Moreover, I will probably be active, particupating in some sort of sport in the church in town. My church doesn't have anything like that and I've been wanting to play something for some time now. 

While me and my fiancee' are very involved with our church now, we won't be able to be so once we move into town. I don't see it being possible to drive out there 2-3 times a week. The Lord may provide the means though. 

There are other deacons, but they are either busy, or fairly immature or complacent. Myself and another are the only deacons that seem to take the office seriously, which is one reason why I hesitate. However, Niether myself nor him have the rime to take over the office of chairman, which is regrettably needed.


----------



## Zenas (Oct 6, 2008)

kalawine said:


> Zenas said:
> 
> 
> > I want to ask advice.
> ...



Yes I was re-installed. I had already served a third of a 3 year term, and have served another year on this term.

Thanks for the good advice all.


----------



## larryjf (Oct 6, 2008)

Were you aware of the logistical issues before you agreed to be re-installed?


----------



## Zenas (Oct 6, 2008)

No actually, we were expecting to live out there oddly enough.


----------



## matt01 (Oct 6, 2008)

Zenas said:


> It's actually around $40-$50 a month we'll be spending in driving out there. It'll be about 35-40 miles to drive in order to get out to church. That's a ton of money for us
> 
> 
> No actually, we were expecting to live out there oddly enough.



I would speak with the elders about your concerns and desires. I don't see that you would be bound to remain when it would be a financial hinderance.


----------



## HokieAirman (Oct 9, 2008)

Andrew,

I would generally agree that your Session would have to release you.

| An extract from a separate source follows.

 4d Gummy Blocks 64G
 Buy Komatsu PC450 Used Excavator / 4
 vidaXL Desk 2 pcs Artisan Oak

It is true that you have taken vows to the church (or so it would seem); however, you've also taken vows to your wife. Make sure you're nurturing your new family; for if you do not do that, it has happened in the past that Godly men become disqualified for church office because they neglect the duties of teaching and nurturing their family. I'm not saying that you'd do that; but I know I've been guilty of neglecting my family for diaconal duties. My thoughts are that your family comes before extra duties to the church, and marriage vows would come first to those of the church.


----------



## Pergamum (Oct 10, 2008)

Are these vows open-ended or for a limited time (i.e. _I vow_ or _I vow for the coming term of 3 years_...)


----------



## panta dokimazete (Oct 10, 2008)

Brother, talk to your pastor, based on his guidance, perhaps take it to the elders.

Diaconal duties are stewardship - you have vowed to set aside your resources (time, energy, etc...) to serve that local body.

Ultimately, it comes down to the needs of the church, if they cannot release you, then you are bound to serve by oath. If they can, you may leave with good conscience.

I commend you on your willingness to share your struggle.

 that you receive good counsel and make a wise decision.


----------